Dataset content ->
········

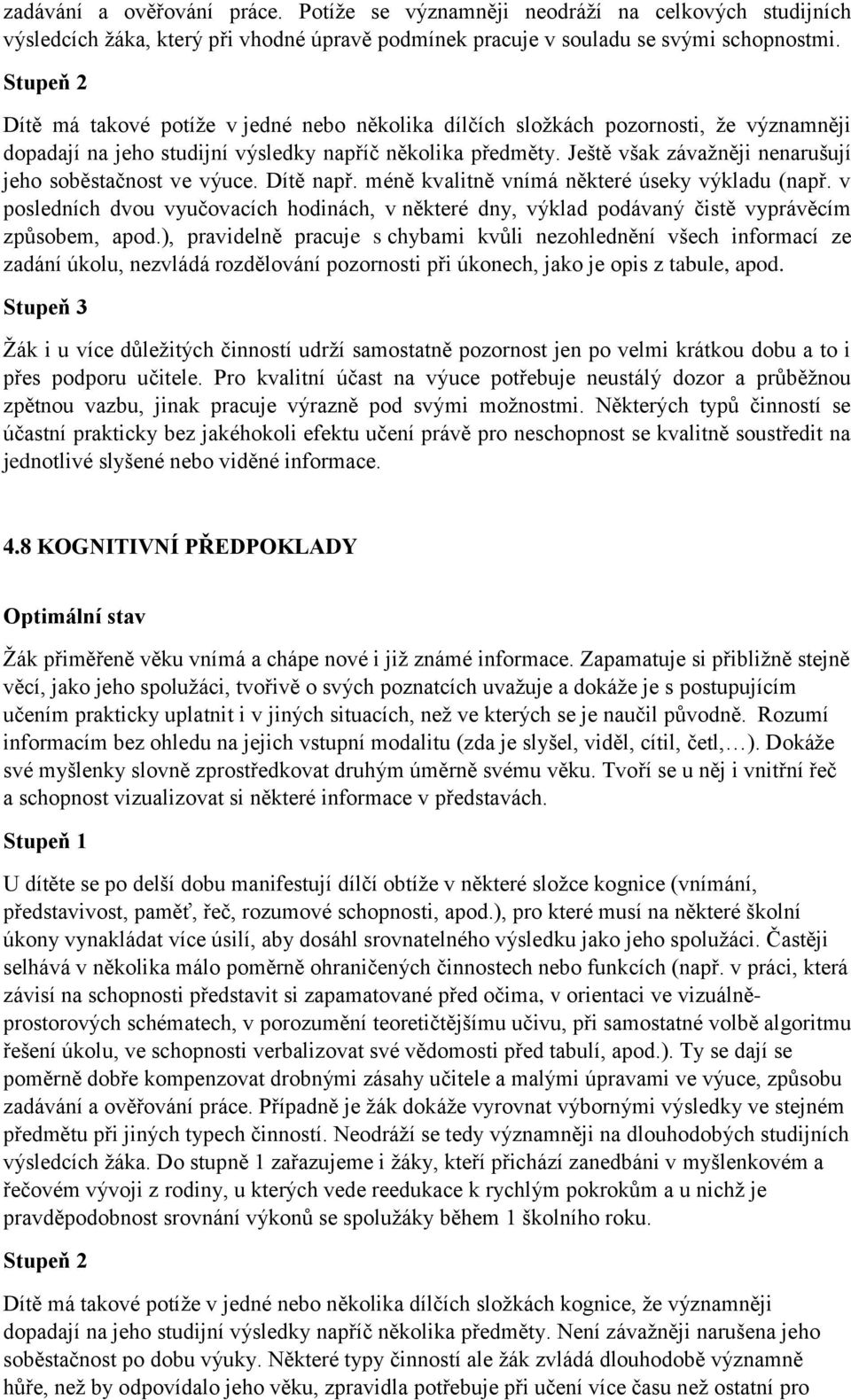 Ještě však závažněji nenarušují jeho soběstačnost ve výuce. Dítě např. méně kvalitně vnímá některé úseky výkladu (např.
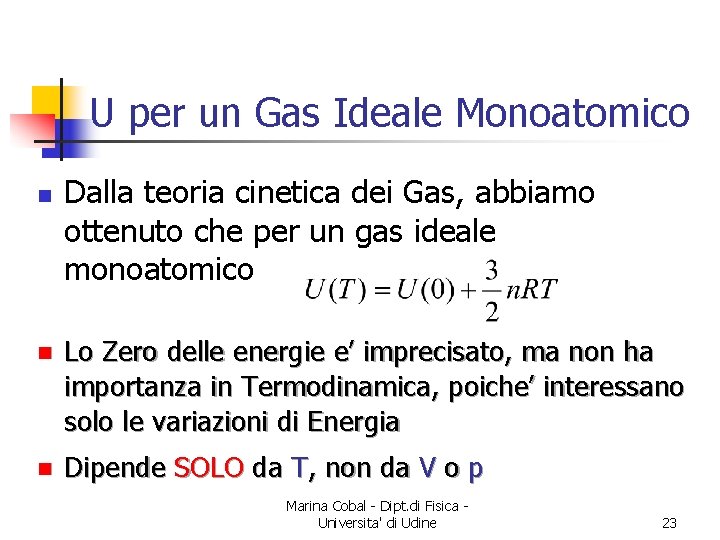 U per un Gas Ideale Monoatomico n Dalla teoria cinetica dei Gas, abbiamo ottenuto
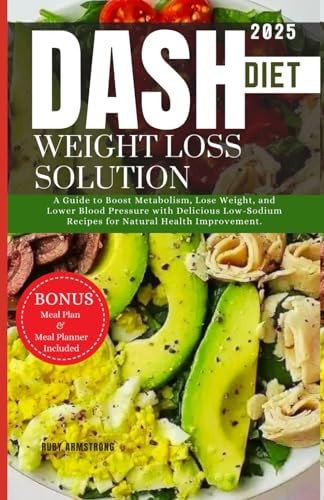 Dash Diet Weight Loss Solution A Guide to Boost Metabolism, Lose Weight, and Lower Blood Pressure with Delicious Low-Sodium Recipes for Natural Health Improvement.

········

Task brief -> "U per un Gas" marks the first line to copy; copy that line and every line after it through the last line of the listing, exactly and without pictures.

Output for this task ->
 U per un Gas Ideale Monoatomico n Dalla teoria cinetica dei Gas, abbiamo ottenuto
 Dash Diet Weight Loss Solution A Guide to Boost Metabolism, Lose Weight, and Lower Blood Pressure with Delicious Low-Sodium Recipes for Natural Health Improvement.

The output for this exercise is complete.